Should you look a gift horse in the mouth?
Over the course of a marriage, or even prior to, a couple may receive funds from their respective parents, often to assist them to purchase a house. The status of these monies may come into contention pending a property settlement as the Family Court treats gifts and loans differently and the difference can have an impact on the final property pool available for distribution.
Gift or a loan?
When a relationship breaks down the party whose parents provided the money may claim it was as a loan and needs to be paid back while the other party may say it was a gift.
When the status of the money is in dispute, the parents from whom the monies came can be “joined” as third parties to Family Court proceedings and apply to have the loan repaid. However, in order to do so it must first be established that the money was indeed a loan.
The primary characteristic of a gift is that when disbursed there is no expectation that the money be repaid.
If the court finds that the money was a gift it will be treated as a contribution by the partner whose parent advanced the money. The significance or weight given to that contribution will depend on many factors, including the length of the relationship.
If the money is found to be a loan, it will be treated as a liability and deducted from the couple’s asset pool.
The establishment of a formal agreement at the time the money was disbursed is a good starting point to establish a loan.
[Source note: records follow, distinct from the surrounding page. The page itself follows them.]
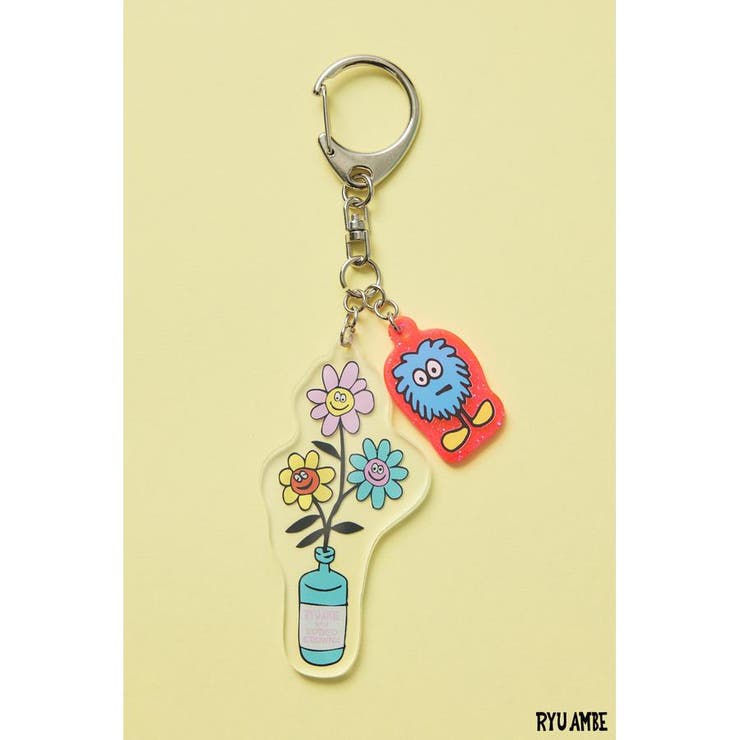 柄PNK5 | (Ryu Ambe) マスコットキーホルダー | RODEO CROWNS WIDE BOWL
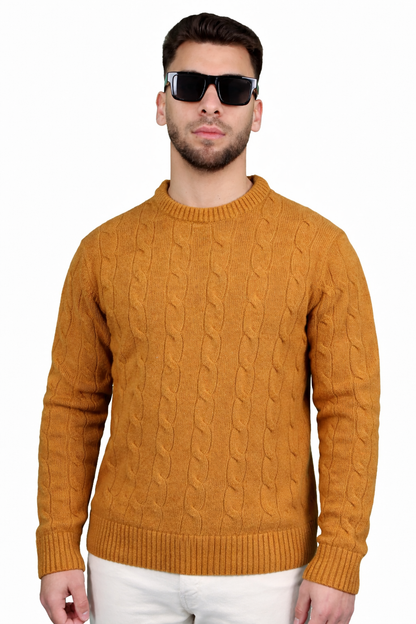 CREWNECK CABLE KNIT - ESCAPISM
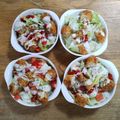 隼和's cooksnap of when they made 簡単ランチ　海老フライのサラダ丼.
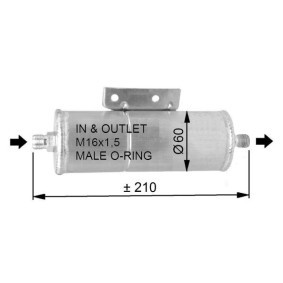 Comprar Filtro deshidratante, aire acondicionado de NRF 33333 a bajo precio de 26,16 €
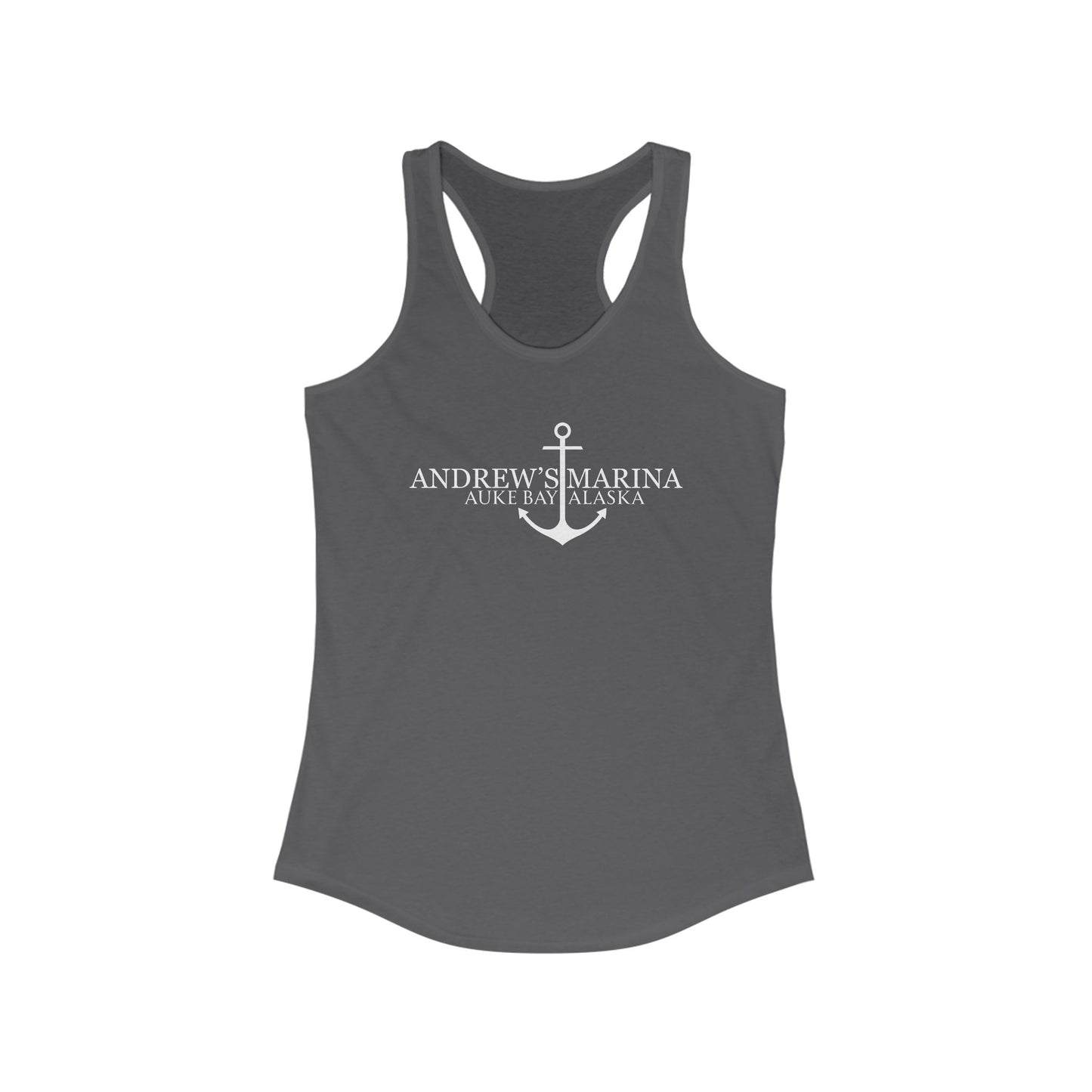 Andrew's Marina Anchor Racerback Tank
However, as in the case of Sulo & Colpetti  FamCA 493 (18 June 2010) even if a loan document exists, unless there is evidence that the parents expected the money to be repaid it may still be characterised as a gift.
The Court will also consider whether the couple have made loan repayments or if it is secured by mortgage, caveat or registration on the Personal Property Securities Register.
The duration of the loan and when it was called in are also determining factors. In the event that demand for repayment corresponds with the commencement of Family Court proceedings, the monies may be deemed a gift as in the case of Maddock & Maddock & Anor (No.2)  FMCAfam 1340.
In order to avoid uncertainty, distress and unnecessary cost it is important to clearly establish whether monies advanced to a couple from one party’s parents are a loan so that in the event that the marriage breaks down the other party will have no reason to claim in-laws bearing gifts.